Ich war von Jena zur Berufsausbildung nach Halle auf die Zahntechnikerschule gekommen. Vorher hatte ich ab 7. Klasse im Sommer Hockey gespielt und im Winter bei der BSG Carl-Zeiss Wintersport.

Wir gingen dann nach Jena, weil es meine Heimatstadt ist und viel schöner als Halle. Vor allem aber wurde uns Beiden die Offerte als OL-Kader gemacht, – wir waren ja bereits verlobt, dass wir eine Neubauwohnung bekommen würden. Das war bei der Wohnungsknappheit ein tolles Privileg. Meine Laufbahn als Kadersportler scheiterte dann aber an den Ergebnissen der STASI-OPK=Operative Personenkontrolle für Reisekader wegen Westkontakten zu Sportkameraden wie Helmut Neumann und Manfred Letzerich und schwerwiegend, die Kontakte zu Max Danz, – familiär.

Ost-West-Ausscheidungen 64 trotz Norm ade, Europa-Cup-Finale als damals Jahresbester mit 8:38,6 1965 in Stuttgart  von der STASI verhindert.
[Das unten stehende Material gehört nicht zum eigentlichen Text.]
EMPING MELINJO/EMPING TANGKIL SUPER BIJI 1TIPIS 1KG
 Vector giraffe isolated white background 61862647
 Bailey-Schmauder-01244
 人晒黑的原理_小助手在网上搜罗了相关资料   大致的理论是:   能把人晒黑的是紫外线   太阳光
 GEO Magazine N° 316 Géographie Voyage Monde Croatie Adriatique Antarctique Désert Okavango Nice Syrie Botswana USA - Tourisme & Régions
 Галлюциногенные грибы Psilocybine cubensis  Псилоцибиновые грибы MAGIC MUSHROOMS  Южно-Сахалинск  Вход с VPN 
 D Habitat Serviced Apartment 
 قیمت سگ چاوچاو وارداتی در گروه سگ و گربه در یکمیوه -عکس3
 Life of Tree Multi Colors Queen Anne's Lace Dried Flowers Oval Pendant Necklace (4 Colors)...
Siehe Telegramm. Siegfried Hermann, ebenfalls in Ungnade gefallen, Kontakt zu Nöcker, musste auch zu Hause in Erfurt bleiben, obwohl er im August  über 3000m WR gelaufen war (7:46,0) und deutschen Fünftausend Meter-Rekord 13:30. Da wurde er bei dem WK in Potsdam beschissen. Alle, die mit stoppten, hatten auch hier WR, klar unter 13:30“. Den hielt aber Ron Clarke. Da er nach Tokio abserviert war. wäre das ein zu großes internationales Politikum gewesen. Bei der Dreitausend war ich mit im Feld.Die Trainingskonzeption ab 64 nach Tokio hatte übrigens sein Trainingspartner, mein enger Sportkamerad Fritz Schmidt in Anlehnung an Lydiard erstellt. Da gäbe es einiges zu sagen. Auch zu Fritzes Tochter Astrid! Ehemalige BRD-Junioren-Cross-Meisterin, sechs Mal bei Meisterschaften auf dem Podest! Die Eltern, ihre Mutter ist die Cousine von Siegfried Herrmann, saßen im STASI-Knast, versuchte Republikflucht! Von der Kirche frei gekauft! Fritz war mit Emil Zatopek befreundet. Es gibt ein Foto, wo seine Astrid als kleines Mädel auf Zatopeks schultern reitet.